I have well water with an average of pH=7.6, GH=220, KH=240, no chlorine or chloramine. My Mbuna & plants have been multiplying under these conditions for 5 years.

Filtration for the individual tanks is a concern. I'm used to Eheim canisters & Aqua-Clears for my larger tanks but think it would be more cost effective to use sponge filters & an air pump to accomplish this. I have also looked at Swiss-Tropicals.com, & may use his filtration setup. What would be an appropriate size air pump to supply these tanks?

Heating the individual tanks is also an issue, as I would have to buy multiple heaters. The average room temperature is 68F year round.
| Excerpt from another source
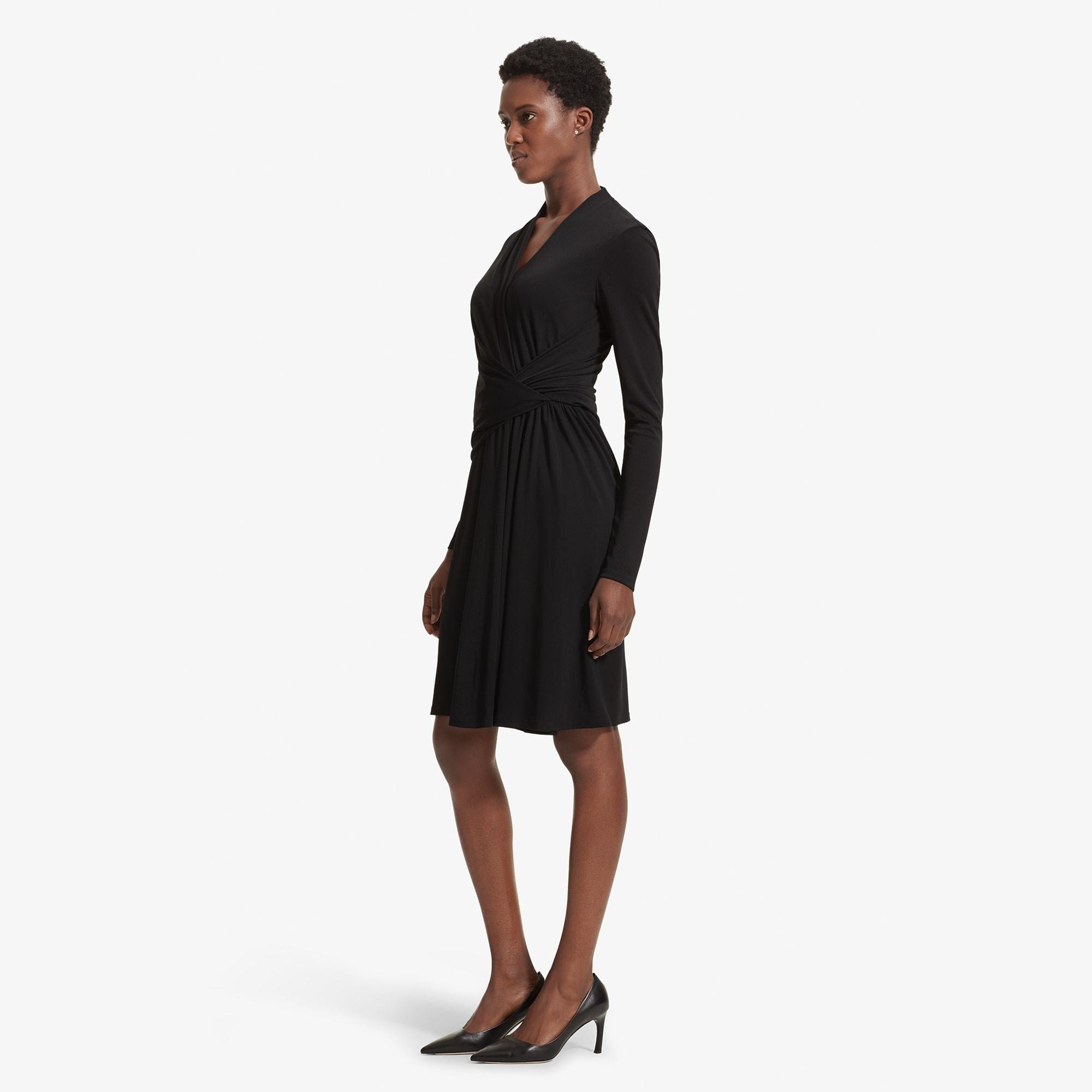Side image of a woman standing wearing the Morgan dress in Black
Does anyone have any advice or experience that you can offer me regarding setting these up? I know I probably won't set them all up but we all know that an empty tank is just a dust collector. This will be my fall/winter project and I'm really itching to get started.


----------



## Deeda (Oct 12, 2012)

No opinions, comments or suggestions? Well, I ordered the 72"W x 24"D x 72"H rack so I'm looking forward to its arrival in a few days.
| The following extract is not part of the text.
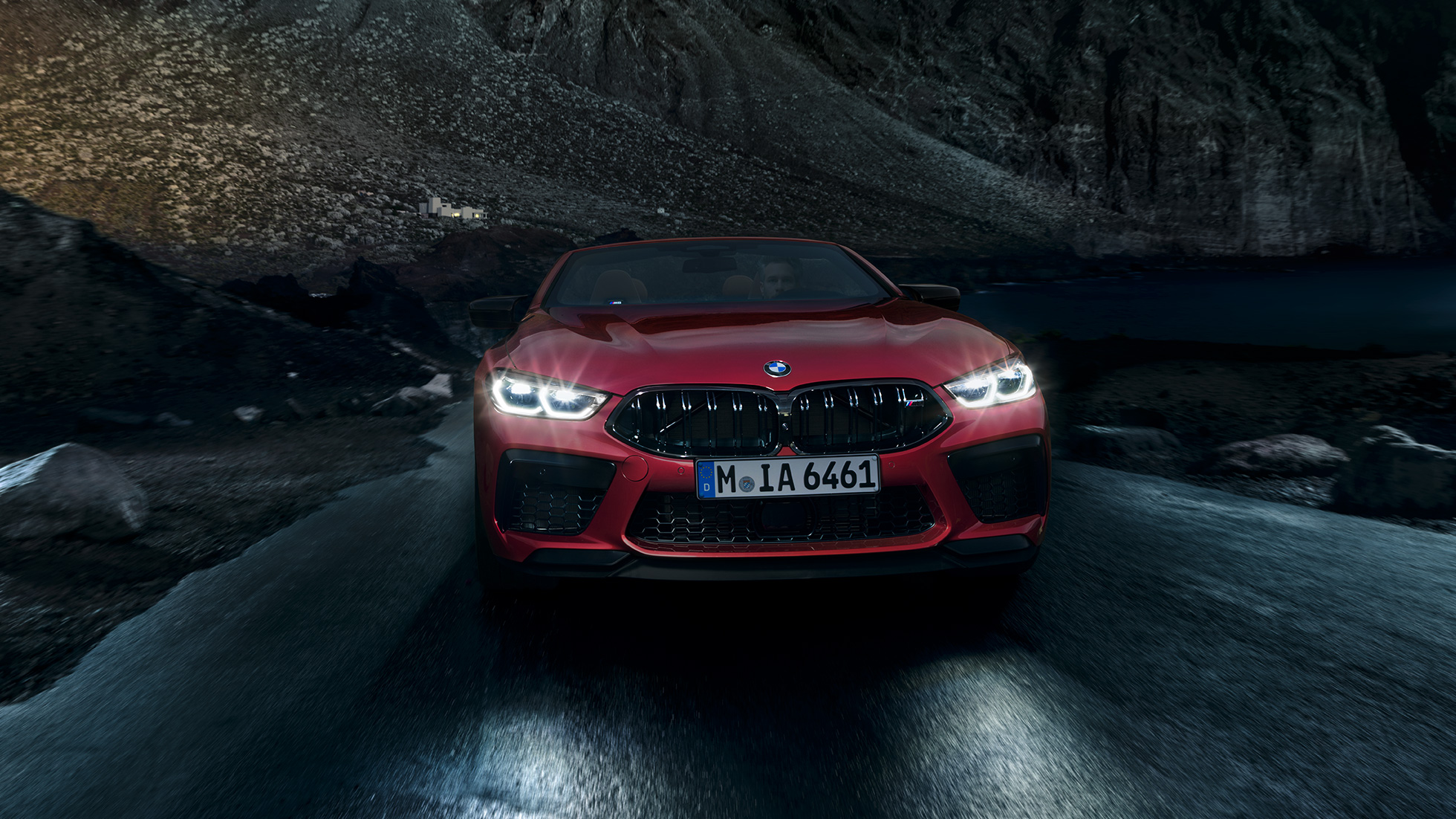 BMW M8 Competition Cabrio, predný pohľad. BMW M8 Competition Cabrio v metalickej farbe Motegi Red s rozsvietenými svetlami, predný pohľad, vozidlo jazdiace v noci.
How about any suggestions for filtering multiple tanks of this size efficiently & quietly since it will be in my living room?


----------



## Matt1986 (May 15, 2009)

Hi Deeda,

Very jealous of your upcoming setup! Am I right in guessing you're going to predominantly stock Tangs? Those tanks are a great size for a great number of species, it should look awesome when it's up and running.

I've no experience with stacking tanks, but as regards filtration, I think sponge filters can be quite effective, particularly if your tanks aren't overstocked. If I were you I'd be looking to buy a piston air pump - that should be enough to run all of your tanks from the one unit, and I've heard that they are some very good low-noise models available. Even if it did produce a little noise, you could always house the unit at a distance and run tubing to your living room.

Keep us updated on the progress :thumb:


----------



## Deeda (Oct 12, 2012)

Thanks for the comments. I haven't tried Tangs yet but they seem like interesting fish with personality.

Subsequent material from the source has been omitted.